Выбрать главу

Комментарий к данной статье (“Комментарий к УК под редакцией А. В. Наумова”) уточняет:

“1. В соответствии со ст. 13 Конституции РФ в России запрещается разжигание социальной, расовой, национальной и религиозной розни. Комментируемая статья предусматривает уголовную ответственность за наиболее опасные формы нарушения указанного конституционного запрета.

2. Объективная сторона преступления характеризуется следующими действиями, направленными на:

а) возбуждение национальной, расовой или религиозной вражды;

б) унижение национального достоинства;

в) пропаганду исключительности, превосходства либо неполноценности граждан по признаку их отношения к религии, национальной или расовой принадлежности. При этом уголовная ответственность наступает лишь в том случае, если указанные действия совершаются определенным способом — публично или с использованием средств массовой информации” (разрядка наша. — В. М., Л. Ф. ).

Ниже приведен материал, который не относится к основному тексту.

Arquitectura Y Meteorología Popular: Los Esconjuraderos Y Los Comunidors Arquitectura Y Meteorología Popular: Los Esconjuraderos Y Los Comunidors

Такая формулировка, казалось бы, помогает ответить на вопрос: является ли литература экстремистской только в том случае, если аргументы из нее оглашаются (используются в пропаганде) “публично или с использованием средств массовой информации”, или есть некая “экстремистская литература” “сама по себе”, остающаяся таковой, даже когда она хранится дома на полке или жестком диске компьютера? Из указанной статьи и комментария к ней вытекает такой ответ: пока литература не используется для публичной пропаганды, сколь бы радикальным ее содержание ни было, за ее чтение и хранение и даже обсуждение в кругу друзей привлечь к уголовной ответственности нельзя. То есть она если и экстремистская, то как бы “потенциально”. Но как только факт использования для публичной пропаганды установлен, литература попадает в разряд экстремистской. Поэтому если мы вернемся к ф едеральным спискам экстремистских материалов, начиная от самого первого и заканчивая последующими дополнениями, то без труда поймем, что на практике решающим для включения в данный список являлось их публичное или с использованием средств массовой информации применение.

И тут не играет роли, что одни из этих материалов были опубликованы в газете, другие — в виде брошюр, третьи публично исполнялись, — все они использовались для пропаганды, а не просто хранились дома. Принципиально другое: аналогичных по идеологической направленности материалов — великое множество, и многие из них распространяются совершенно легально. А в “Федеральный список” попали произведения особенно невезучих авторов, по которым было принято судебное решение. Логично предположить, что если бы в нашем законодательстве существовали действительно четкие критерии определения “экстремистских материалов” “самих по себе”, то и “Федеральный список” был бы несравненно шире. Что помешало государству обратиться к экспертам и попросить их составить такой подробный список, не дожидаясь решения того или иного суда? Очевидно, остатки почтения к Конституции РФ: ведь такая практика означала бы введение предварительной цензуры. Правда, теперь возникла абсурдная ситуация: когда человек убивает, ворует или мошенничает, он уже до решения суда знает, что совершает преступление. Но когда он, например, публично цитирует какую-нибудь брошюру радикального содержания, он узнает, что пользовался “экстремистским материалом”, только в суде. Потому что до суда, как выясняется, это определить невозможно. А суд руководствуется туманной логикой прокуроров и не менее прихотливой логикой экспертов. С другой стороны, если решение судом принято, то велика вероятность, что материал вскоре появится в “Федеральном списке”. Как, например, это произошло с тринадцатью русскими переводами книг мусульманского богослова Саида Нурси.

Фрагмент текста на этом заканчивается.